このようにISOBUS対応の気運が高まるさなか、ISOBUSの認証機関であるAEF(本部ドイツ・フランクフルト)のトップらが来日し、インフォメーションセミナーが開催されたのです。
国内のISOBUS普及に向けて本格始動
先般のISOBUSインフォメーションセミナーには、農機メーカーの技術者ら100人以上が集結。会場のほぼ最前列には、ISOBUS普及推進会で事務局を務める松原慎吾さんの姿がありました。
松原さんは、とかち財団ものづくり支援部の情報技術グループに所属するソフトウエアエンジニアです。財団に入職した2016年当時から国際通信規格「ISOBUS」に関心があったと言います。折しも、道内メーカーから要請を受け、ISOBUS普及推進会の立ち上げの準備段階から事務局を務めています。
日本でのISOBUS普及の弾みとなることが期待される今回のセミナーでは、ISOBUS認証機関であるAEFのチェアマン、広報、エンジニアらが登壇して、ISOBUSのコンセプト、認証試験、技術開発支援などについて講演しました。

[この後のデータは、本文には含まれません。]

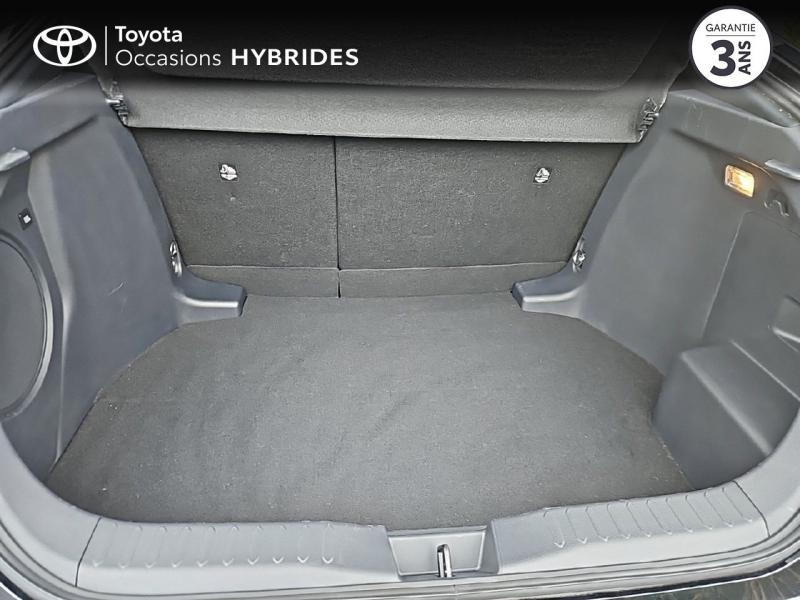 TOYOTA C-HR d’occasion à vendre à LATTES chez ADL (Photo 10)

ISOBUSの認証を取得するためには、欧米5カ所にあるテストセンターのいずれかで該当製品のテストを受けますが、AEFの会員企業は試作機の規格適合を機能ごとに評価するツールが利用できるなどのサポートがあります。また、メーカー各社の技術者が開発中のプログラムを持ち寄り、お互いに接続して機能の互換性を確認するイベント「Plugfests(プラグフェスト)」が、年2回ヨーロッパとアメリカで開催されるなど、会員企業のグループワーキングも設けられ、スピーディで効率的な技術開発が進められています。
また、AEFには誰もが利用可能なISOBUS認証機械の機能ごとの互換性を確認できるデータベースがあり、ユーザーは購入前に接続可能な機械の組み合わせについて情報を得ることができます。

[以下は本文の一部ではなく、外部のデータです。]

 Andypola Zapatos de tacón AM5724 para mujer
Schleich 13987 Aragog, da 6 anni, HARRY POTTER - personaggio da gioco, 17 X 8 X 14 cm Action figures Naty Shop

AEF会員企業でありISOBUS普及推進会の会員企業でもある株式会社M2Mクラフトのエンジニアで、セミナー参加者の望月裕斗さんは、国内でISOBUS対応機のソフトウェア実装を担当。同社は国際規格への対応に強みを持ち、日本の農業に最新技術を取り入れるべく、作業機メーカーのISOBUS対応のサポートをしています。AEFのプラグフェストに参加した経験もあり、「一緒に参加する日本企業が増えてほしい」とISOBUSの普及に期待を寄せています。
ISOBUS機能で精密農業を実現、儲かる農業へ
松原さんらISOBUS普及推進会の事務局である公益財団法人とかち財団では、2019年からメーカーとの協業でISOBUS対応のポテトプランター(馬鈴薯播種機)の開発に取り組み、その実証実験が進行中です。
馬鈴薯の最適な植え付け間隔は、品種によって異なります。間隔は歯車のギア比で決まるため、従来は手動で歯車を交換して機械的に設定していました。それが、ISOBUS対応のポテトプランターでは、トラクター側の汎用ターミナル(UT)に搭載したタッチパネルの操作で、作業機を電子制御 することができます。

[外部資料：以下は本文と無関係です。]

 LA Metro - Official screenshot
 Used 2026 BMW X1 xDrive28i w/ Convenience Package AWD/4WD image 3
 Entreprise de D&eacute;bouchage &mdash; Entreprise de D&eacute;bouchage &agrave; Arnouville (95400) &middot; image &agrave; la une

それに加えてTC(タスクコントローラ)機能を実装することで位置情報に合わせた作業が可能になります。
TCには作業の総量を記録するTC-BAS、位置情報に合わせて可変作業を行うTC-GEO、重複作業を抑制するTC-SCの3つの機能があります。
「これによって可変施肥と可変播種を実現しました」と声を弾ませる松原さん。2023年7月の「第35回国際農業機械展 in 帯広 2023」で試作機が展示され、関係者から大きな反響を呼びました。
国内でのISOBUS対応機の普及にははじめの一歩といったところですが、明るい展望もあります。
「ISOBUS普及には、農家さんがどれだけ儲かるのか、稼げるモデルケースを具体的な数値と共に示すことが必要です。国内でも多くのメーカーさんが可変施肥を実現しているので、加えて可変播種ができれば 規格に沿ったサイズにあうよう作物を調整することにより収益性が上がることが考えられます。精密農業のジャンルにいろいろなメーカーさんが入ってくることで、さらに活気づくと期待しています」(松原さん)。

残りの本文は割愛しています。